Telegram is the criminal-and-fringe internet’s town square in 2026. Ransomware operators use it. Stealer-log markets run on it. Disinformation operators coordinate from it. Doing OSINT on Telegram has its own rules and its own pitfalls. Here’s the playbook I run.
Discovery: how to find channels worth monitoring
The simplest method is following the link graph. When a known channel forwards a message from another channel, you have a candidate. Telegram’s “forwarded from” attribution is a discovery engine if you watch it long enough. The same goes for invitations and cross-posts in chat groups.
Aggregators help too: TGStat, Combot, and a few smaller search engines index public channels and let you query by topic, language, or growth rate. They miss private channels and many criminal ones, but they’re useful for the surface layer.
For criminal-adjacent channels, the discovery often runs through other platforms. A leak listed on a leak-site links to a Telegram channel for “negotiations.” A post on XSS forum points to a Telegram contact for affiliate enrolment. The pivot is usually one click.

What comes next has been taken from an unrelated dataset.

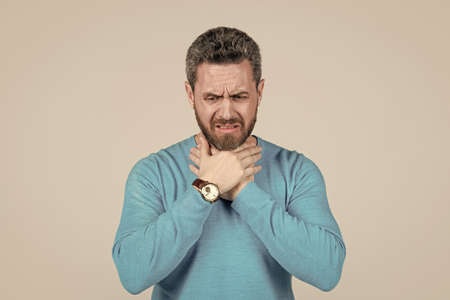 pain in throat. suffering man in has grizzled hair. sick man on grey background. mens health.の写真素材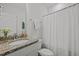 Neutral bathroom featuring a granite vanity, framed mirror and shower with curtain at 63 Capewood Ct, Garner, NC 27529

Archiving: capture before it disappears
Telegram channels and chats can be deleted instantly. If you want to cite something, archive it. The Telegram Desktop client supports exporting channel histories to JSON or HTML. Tools like Telethon (Python) automate that across many channels with a single account. For real-time archival, a small script that subscribes to your monitored channels and writes everything to a database is straightforward to build.
Archive everything on capture, not when you need it. The amount of evidence I’ve watched evaporate because someone delayed a screenshot is significant.
Admin fingerprinting
The interesting work starts when you try to attribute a channel to a real operator. Useful signals: typo patterns, time-of-day posting consistency (suggests timezone), language-switching habits, references to specific games or media, mentions of personal details. Cross-reference posting times against known timezones and activity gaps consistent with sleep cycles.
The username history of admins is gold. Telegram allows username changes, but the older usernames sometimes link to historical posts on other platforms (Reddit, Twitter, GitHub, gaming forums). A search for older usernames against the public web often produces correlations.
Reactions, replies, and forwarding patterns reveal social graphs. The admin who reliably reposts from three specific other channels is in a relationship with those three. That relationship is itself attribution-relevant.
OPSEC for Telegram researchers
Use a research persona phone number, a virtual one (eSIM, MySudo, Hushed) is fine. The number gets attached to your Telegram account permanently from the operators’ perspective even though you can change it later. Don’t use a number that’s ever been on your real account.
Don’t engage with channels you’re monitoring. Reactions, comments, and replies all tip your hand. If you must engage, do it from a separate account that has been seasoned with weeks of normal-looking activity first.
Disable the “show profile photo to anyone” setting. Disable phone-number visibility. Disable last-seen visibility. The default Telegram profile leaks more than people realise.
Attribution discipline
The same “two of three” rule applies. Don’t publicly attribute a channel to a real person on a single signal. The cost of being wrong on attribution is large, for the named individual if they’re not the operator, and for your credibility regardless. Build the case slowly. Sit on partial attributions until they’re strong. The work compounds; the bad publish doesn’t.
Telegram OSINT is mature in 2026. The tools and the discipline are well-documented. The patient researcher with a methodical workflow gets the right answer. The impatient one publishes the wrong name and stops getting reads.